Вы любите покой и тишину, Беседы ночью сокровенные с богами, И Вас совсем не тянет к сну, Стихи кружат во тьме рядами.
И звезды зажигаются вокруг, Структуры неземных гармоний Берут Вас в свой незримый круг, В звучанье галактических симфоний.
Для Вас уединение – дар небес, Вы – недруг сборищ всех суетных, Уноситесь в свой стихотворный лес, Где все интимно и заветно.
Вы не хотите с обществом общенья, Где люди только под себя гребут. И расстаетесь с теми Вы без сожаления, Кто просто пустотой надут.
А вечность голосами предков Неслышно к Вам взывает с облаков, И нерожденные потомки-детки Ласкаются в ладошках у богов.
В Вас есть порода, благородство И с небесами тайное родство. Но, сожалея о людском уродстве, Вы все же любите земное естество.
Вы снисходительны и терпеливы Ко всем любителям стихов, И в графоманских их разливах Вы ищете таланта вздох.
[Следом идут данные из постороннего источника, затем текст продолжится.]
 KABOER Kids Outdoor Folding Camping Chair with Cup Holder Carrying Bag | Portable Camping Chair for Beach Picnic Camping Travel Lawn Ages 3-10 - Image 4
Добро, любовь – вот эти крылья Возносят Вас, несут вперед, А прошлое своей могильной пылью К разгадкам тайн своих зовет.
* * *
Благодарю всех друзей, близких и знакомых Виля, с которыми в нашей с ним долгой (и такой короткой!) совместной жизни было связано много-много хорошего, доброго. Виль был умным, талантливым, порядочным и добрым человеком. Таким он был смолоду, оставался таким всю жизнь и таким ушел от нас. Его уход болью и горечью отозвался в сердцах всех, кто имел счастье общаться с ним. Память о нем навсегда сохранят его родные, близкие, друзья. Благодарю всех, кто принял участие в подготовке данного сборника к изданию. Галина Килеева
|
ИНТЕРВЬЮ Печатаются по домашнему архиву В. Мустафина с сокращениями
Ольга Стрельникова
«ОН – ТАКОЕ ДЕРЕВО…» Интервью с Вилем Мустафиным, «Республика Татарстан», 20 июля 2000 г.
Виль Салахович Мустафин. Родился 3 мая 1935 года в Казани, в семье видного татарского языковеда, журналиста и общественного деятеля Салаха Атнагулова. В 1936 году отца арестовали, а в 1937-м расстреляли как врага народа. В том же году арестовали мать, ей дали 8 лет лагерей… Трое детей остались на попечении деда по материнской линии Сулеймана Мустафина, который записал их на свою фамилию. В 1940 году дед умер. Растила детей младшая сестра матери Хадича Мустафина… В 1958 году Виль Мустафин закончил физико-математический факультет Казанского университета по специальности математика. Преподавал в Казанском авиационном институте, занимался разработками систем автоматизированного управления в различных отраслях народного хозяйства. По этой же тематике опубликовал свыше сорока научных работ. Стихи пишет с 1960 года. Один из ярких представителей казанского поэтического андеграунда. Первые публикации появились в 1989 году. В последнее время у В.Мустафина вышло три поэтических сборника: «Живу впервые», «Беседы на погосте», «Дневные сны и бдения ночные». Подготовлены к изданию еще две книги стихов.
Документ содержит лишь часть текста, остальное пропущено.